**Work to be completed:** Give the data below again exactly as written, but without the pictures.

**Information provided:**
◆ ◆ ◆ ◆

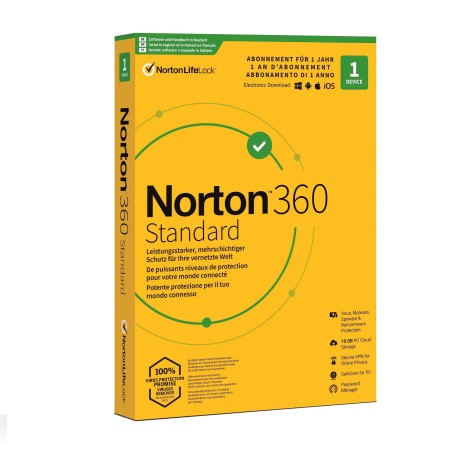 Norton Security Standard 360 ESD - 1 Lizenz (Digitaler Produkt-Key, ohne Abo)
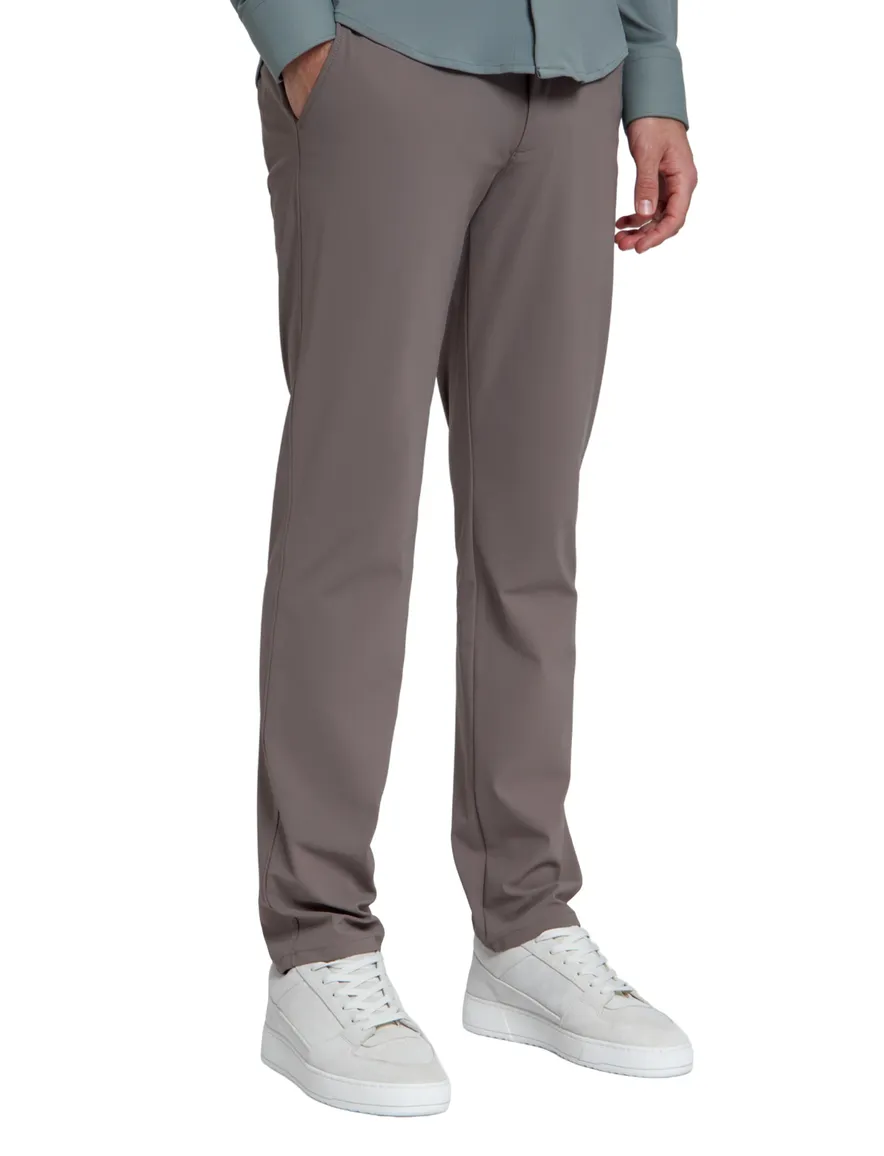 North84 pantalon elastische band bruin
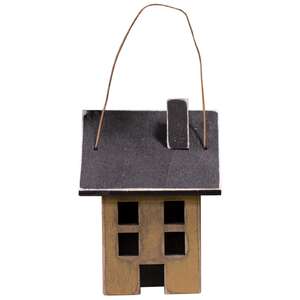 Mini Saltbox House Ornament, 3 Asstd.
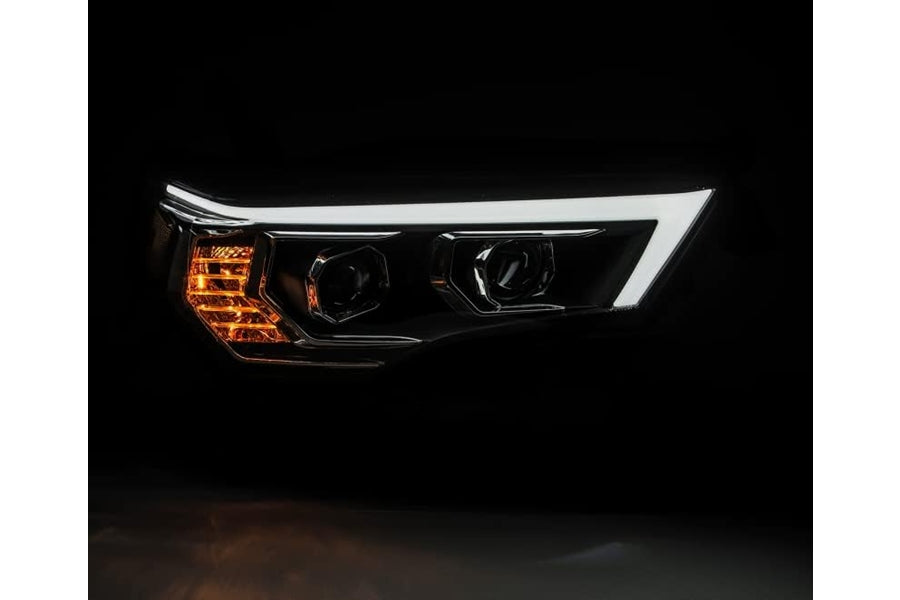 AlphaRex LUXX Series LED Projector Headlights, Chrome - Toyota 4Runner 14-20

◆ ◆ ◆ ◆

**Written answer:**
 Norton Security Standard 360 ESD - 1 Lizenz (Digitaler Produkt-Key, ohne Abo)
 North84 pantalon elastische band bruin
 Mini Saltbox House Ornament, 3 Asstd.
 AlphaRex LUXX Series LED Projector Headlights, Chrome - Toyota 4Runner 14-20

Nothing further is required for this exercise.